Another fallback might be to do global index maintenance on the client.
It'd just be more expensive, especially if you want to handle out-of-order
updates (which are particularly tricky, as you have to get multiple
versions of the rows to work out all the different scenarios here).
A second fallback might be to support only local indexing. Does Accumulo
have the concept of a "custom load balancer" that would allow you to
co-locate two regions from different tables? The local-index features has
kind of driven some feature requests on that front for HBase - mainly
callbacks when a region is split or re-located. The rows of the local index
are prefixed with the region start key to keep them together and identify
them.
Agreed with what Bill said. Co-locating indices within the same row
simplifies this a bit, IMO.
<snip/>
There's not a lot of hard/fast requirements. Most of what Phoenix does is
to optimize performance by leveraging the capabilities of the server. In
terms of hard/fast requirements, these come to mind:
- data is returned in row key order from range scans
- a scan may set a start key/stop key to do a range scan
- a row key may be composed of arbitrary bytes
- a client may "pre-split" a table by providing the region boundaries at
table create time (we rely on this for salting to prevent hotspotting:
http://phoenix.incubator.apache.org/salted.html).
- the client has access to the region boundaries of a table (this allows
for better parallelization)
- the client may issue chunk up a scan into smaller, multiple scans and
run
them in parallel
Some of these may be a bit squishy, as there may be existing machinery
already in your client programming model that could be leverage. The
client
API of HBase, for example, does not provide the ability out of the box to
parallelize a scan, so this is something Phoenix had to add on top
(through
chunking up scans at or within region boundaries).

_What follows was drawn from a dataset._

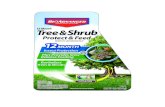 12 Month T Tree ree Shrrub · 2021. 8. 3. · of 40 inches. 40 x 0.75 = 30 then multiply 30 x (0.46 grams ai) 1/4 cup = (13.8 grams ai) 7 1/2 cups. Shrubs: Measure the height of the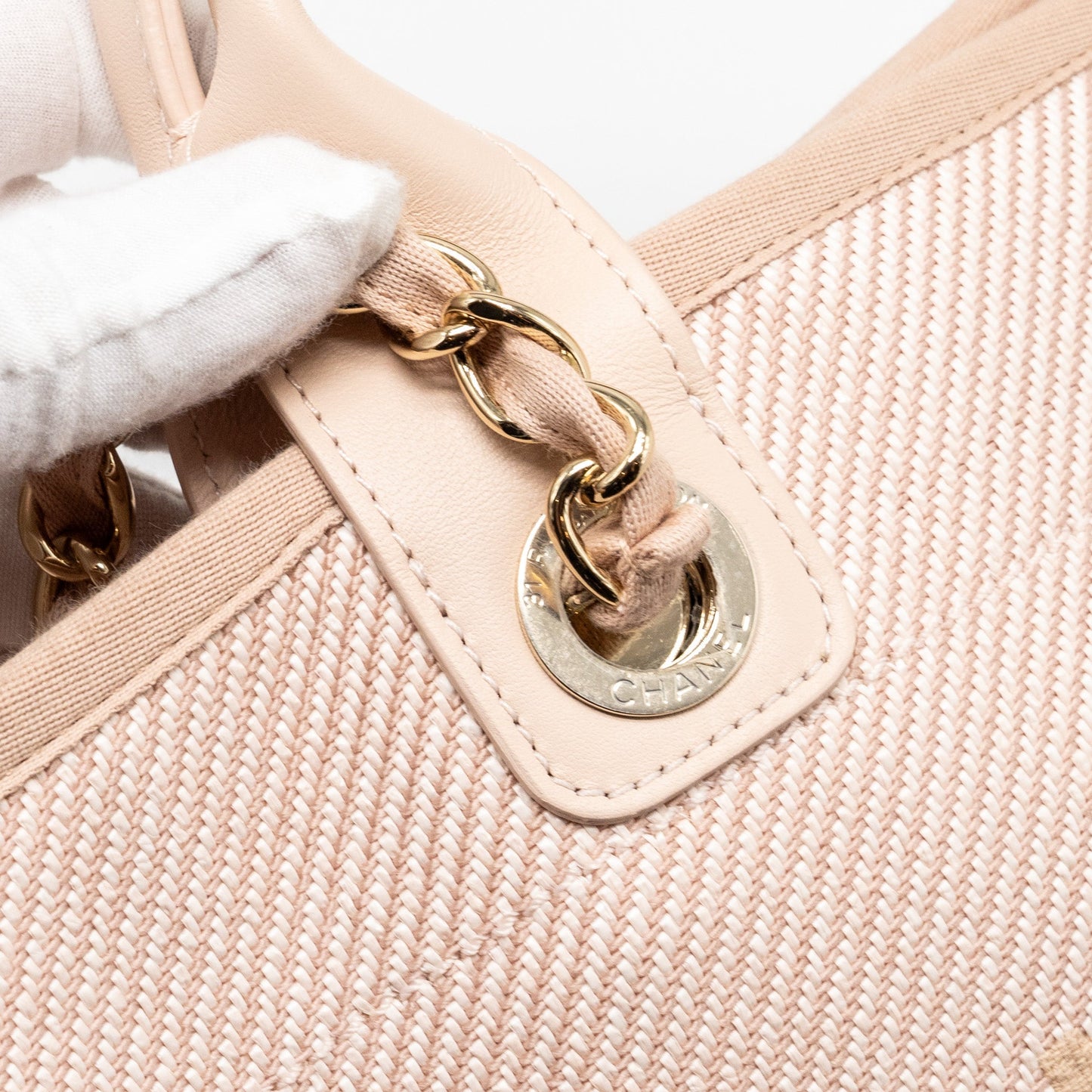 Chanel Deauville Tote Bag canvas Light Pink L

All of these look fine. The Accumulo BatchScanner does that
parallelization for you which is really nice (handling tablet migration and
all that fun stuff transparently).
That's nice that Accumulo has this built-in. Does it allow the client to
specify the split points for the scan in some way?
Assuming I understand properly, you don't need to be cognizant of the
splits. You just specify the Ranges (where each Range is a start key and
end key) and the Accumulo client API does the rest. You can be efficient
by structuring your data so that you don't touch every tabletserver for
every query -- this seems to be what's being suggested.
<snip/>
What do you think is next, James?
I know I won't have a lot of time to devote into heavy development with
what I've already signed up for in the next few months, but I'd still
like to try to help out where possible. Is anyone else on the Accumulo
side interested in getting involved?